[Source data]
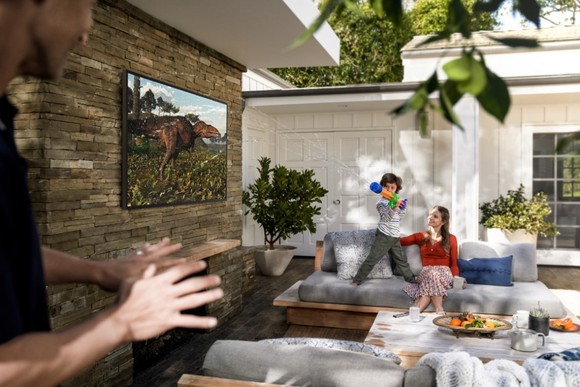 Samsung The Terrace: Ti vi đầu tiên nhận chứng nhận hiệu suất hiển thị ngoài  ảnh 1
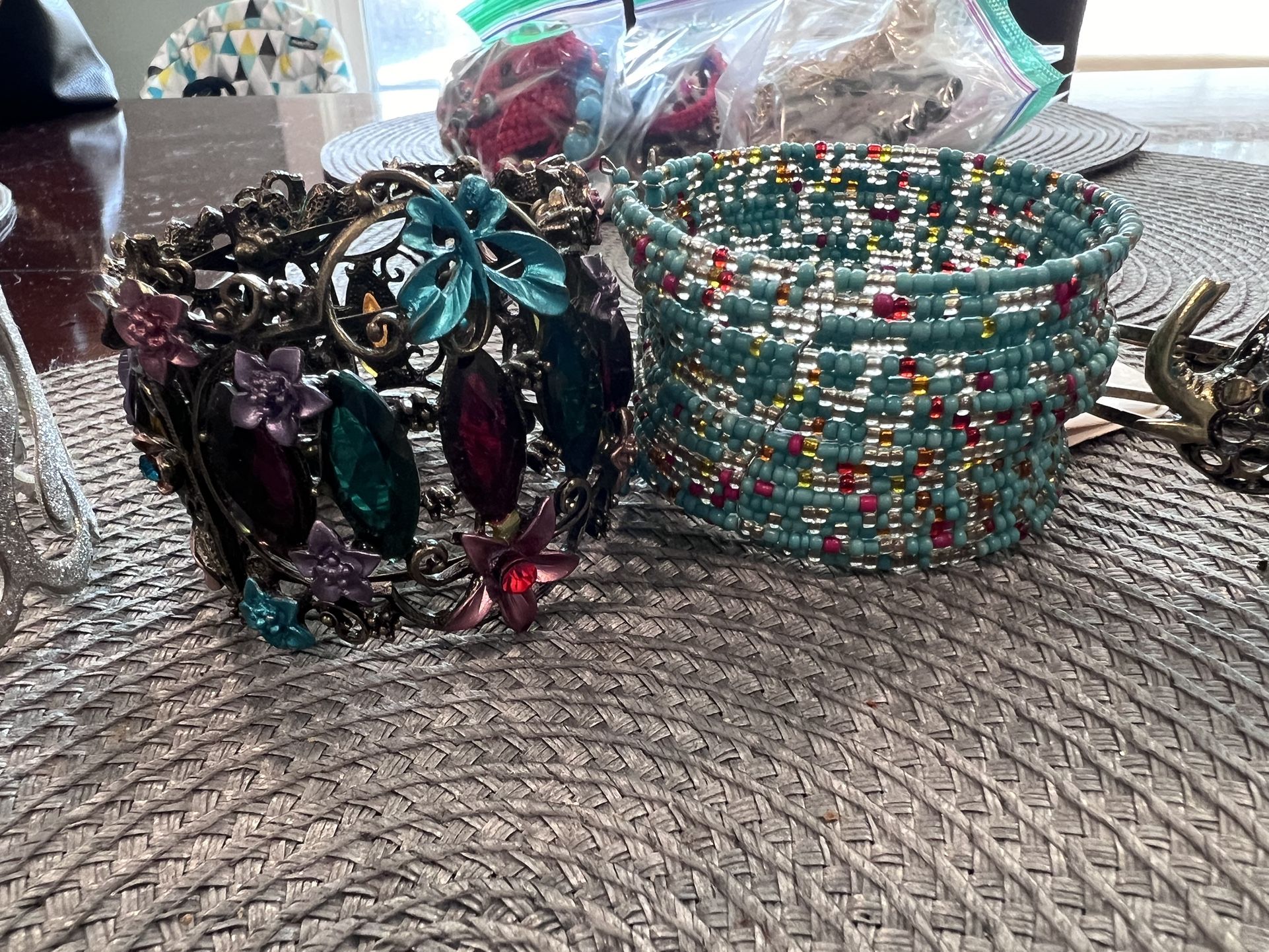5 Bracelets - photo 3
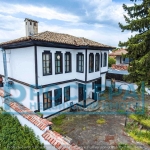 Къща в Търговище, Център - 276 кв.м за 425 €/кв.м - Снимка #1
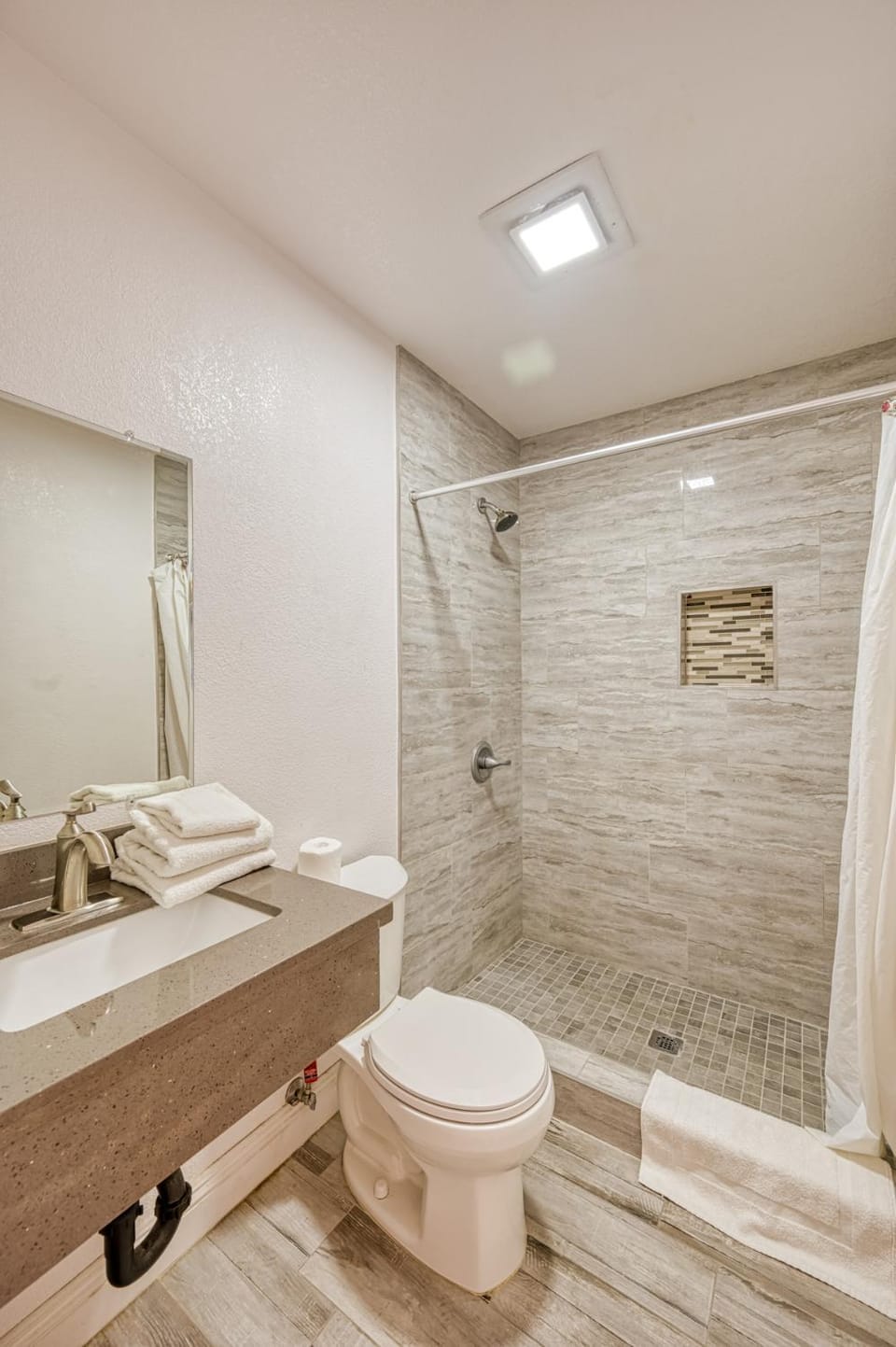ERTH INN by AGA- Mojave Hotel in Sierra Nevada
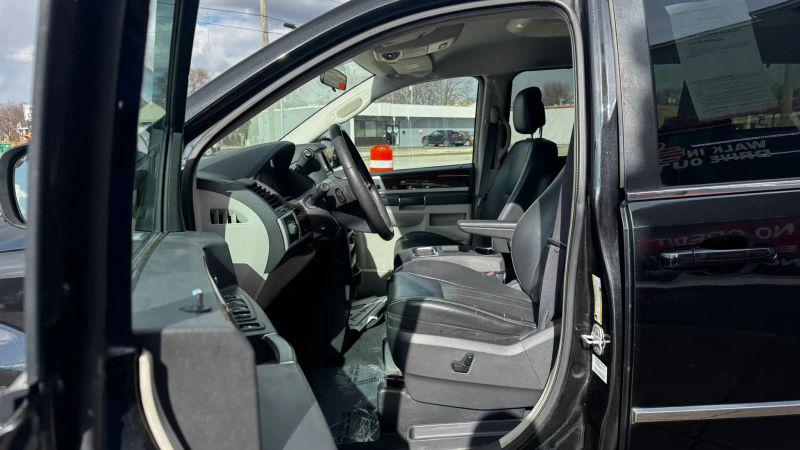 2010 Chrysler Town & Country Touring Plus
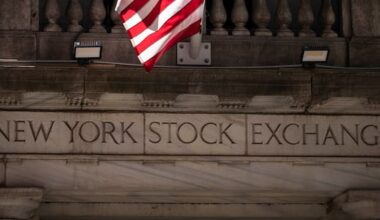 AI stocks slide as slowdown calls and oil push 10-year yield to 5%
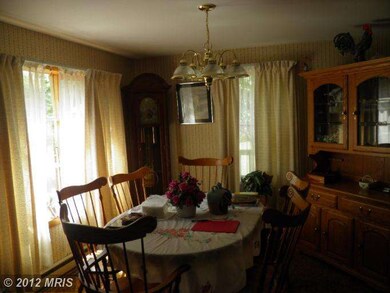 166 Bennett Ln, Berkeley Springs, WV 25411 - photo 4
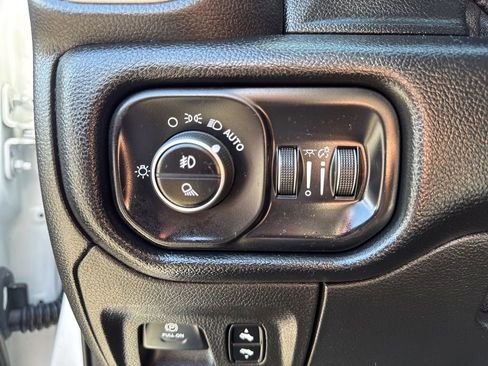 Used 2019 RAM 1500 Big Horn AWD/4WD image 49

[Task prompt]
Apart from the pictures, return the records exactly.

[Answer area]
 Samsung The Terrace: Ti vi đầu tiên nhận chứng nhận hiệu suất hiển thị ngoài  ảnh 1
5 Bracelets - photo 3
 Къща в Търговище, Център - 276 кв.м за 425 €/кв.м - Снимка #1
ERTH INN by AGA- Mojave Hotel in Sierra Nevada
 2010 Chrysler Town & Country Touring Plus
 AI stocks slide as slowdown calls and oil push 10-year yield to 5%
 166 Bennett Ln, Berkeley Springs, WV 25411 - photo 4
 Used 2019 RAM 1500 Big Horn AWD/4WD image 49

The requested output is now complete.